● Exercise objective: For the records below, print the lines from the line with "Men T Shirt" through the line with "1991 Score #16 Wally Backman" exactly as written; include both end lines and exclude the rest.

● Records supplied:
::::::::

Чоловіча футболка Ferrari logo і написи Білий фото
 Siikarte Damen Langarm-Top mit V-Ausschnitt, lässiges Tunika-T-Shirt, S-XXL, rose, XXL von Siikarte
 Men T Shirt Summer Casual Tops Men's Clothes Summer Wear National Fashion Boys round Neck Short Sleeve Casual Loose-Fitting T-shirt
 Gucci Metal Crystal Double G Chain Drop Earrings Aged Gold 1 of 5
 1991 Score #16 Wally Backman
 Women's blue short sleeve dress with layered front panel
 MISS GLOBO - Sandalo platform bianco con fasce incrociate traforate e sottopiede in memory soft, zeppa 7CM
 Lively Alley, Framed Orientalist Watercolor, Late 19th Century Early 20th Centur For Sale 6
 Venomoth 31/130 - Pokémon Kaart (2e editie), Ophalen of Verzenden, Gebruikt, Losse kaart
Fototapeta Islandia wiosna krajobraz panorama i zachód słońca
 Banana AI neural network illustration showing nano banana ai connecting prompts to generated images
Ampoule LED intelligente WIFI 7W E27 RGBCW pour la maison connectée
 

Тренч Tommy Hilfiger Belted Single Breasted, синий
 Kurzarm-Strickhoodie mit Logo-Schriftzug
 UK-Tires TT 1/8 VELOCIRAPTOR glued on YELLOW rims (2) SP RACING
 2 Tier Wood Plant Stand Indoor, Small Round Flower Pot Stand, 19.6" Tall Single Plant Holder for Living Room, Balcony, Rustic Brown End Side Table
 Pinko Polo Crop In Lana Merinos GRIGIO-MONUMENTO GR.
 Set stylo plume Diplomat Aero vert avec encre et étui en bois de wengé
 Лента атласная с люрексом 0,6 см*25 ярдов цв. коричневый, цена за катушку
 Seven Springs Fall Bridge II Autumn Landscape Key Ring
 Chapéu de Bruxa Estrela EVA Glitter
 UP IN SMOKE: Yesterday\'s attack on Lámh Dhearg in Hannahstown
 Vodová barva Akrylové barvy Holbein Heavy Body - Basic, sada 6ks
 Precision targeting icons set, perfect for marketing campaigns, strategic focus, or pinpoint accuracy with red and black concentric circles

::::::::

● Solved exercise:
 Men T Shirt Summer Casual Tops Men's Clothes Summer Wear National Fashion Boys round Neck Short Sleeve Casual Loose-Fitting T-shirt
 Gucci Metal Crystal Double G Chain Drop Earrings Aged Gold 1 of 5
 1991 Score #16 Wally Backman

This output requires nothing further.